- _Problem details_:
Transcribe exactly, and only, the lines that fall between the line containing "Toyota Hilux 2020" and the last line of the material, both ends included, omitting any pictures.

Content starts

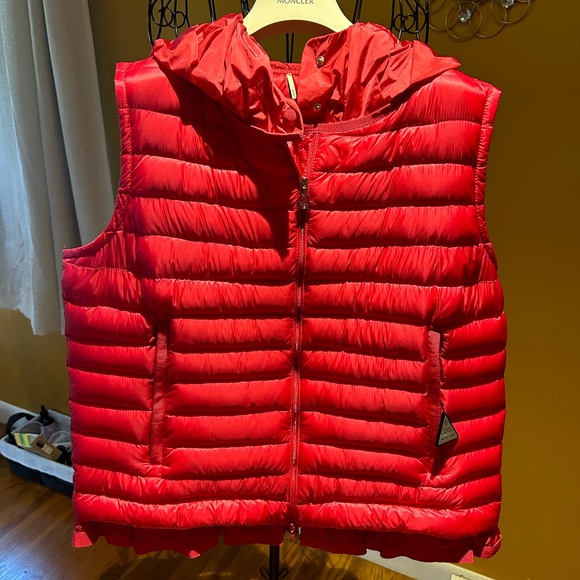 Moncler Lucila Ruffle/Hooded/Down Vest/Fuschia Pink/XL/Sz 5 w/Tags, Hanger & Bag - Picture 16 of 16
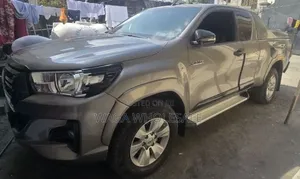 Toyota Hilux 2020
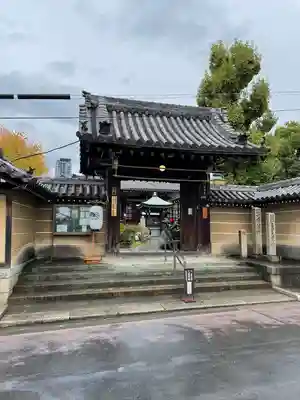 興徳寺の山門・神門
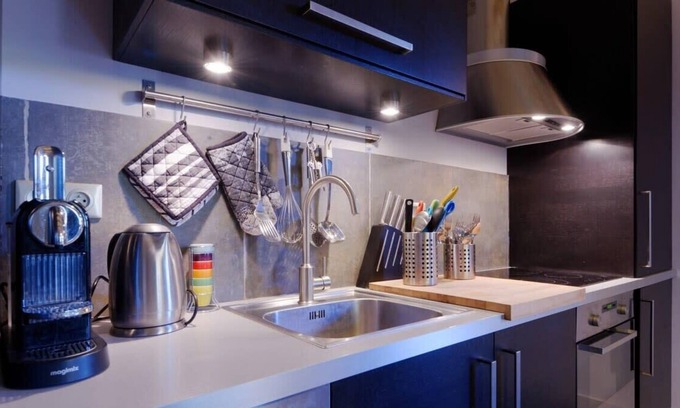 Meyreuil Apartment | Private furnished apartment with all comfort with a garden & swimming pool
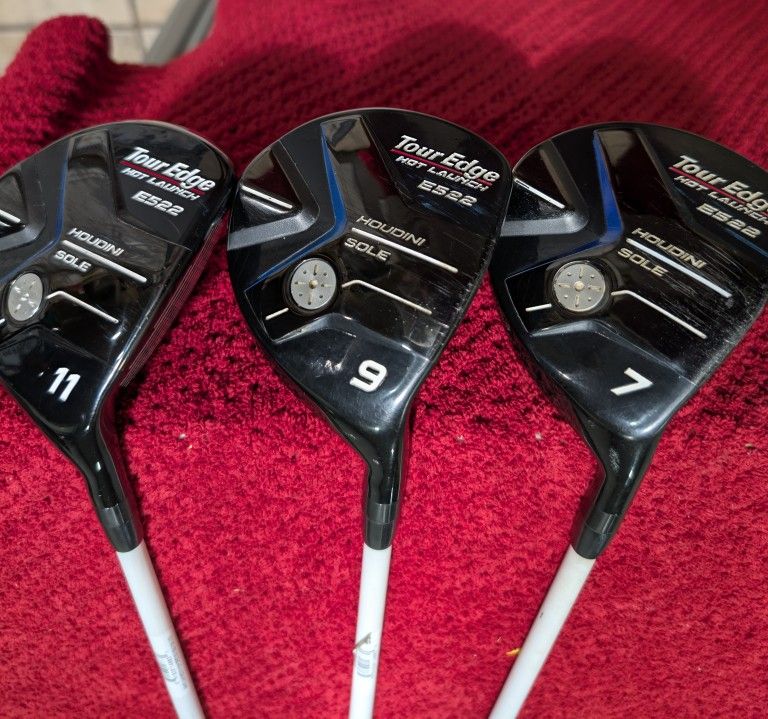 Women's Tour Edge HotLaunch E522 woods set w Houdini Sole.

Content ends

- _Result of this task_:
 Toyota Hilux 2020
 興徳寺の山門・神門
 Meyreuil Apartment | Private furnished apartment with all comfort with a garden & swimming pool
 Women's Tour Edge HotLaunch E522 woods set w Houdini Sole.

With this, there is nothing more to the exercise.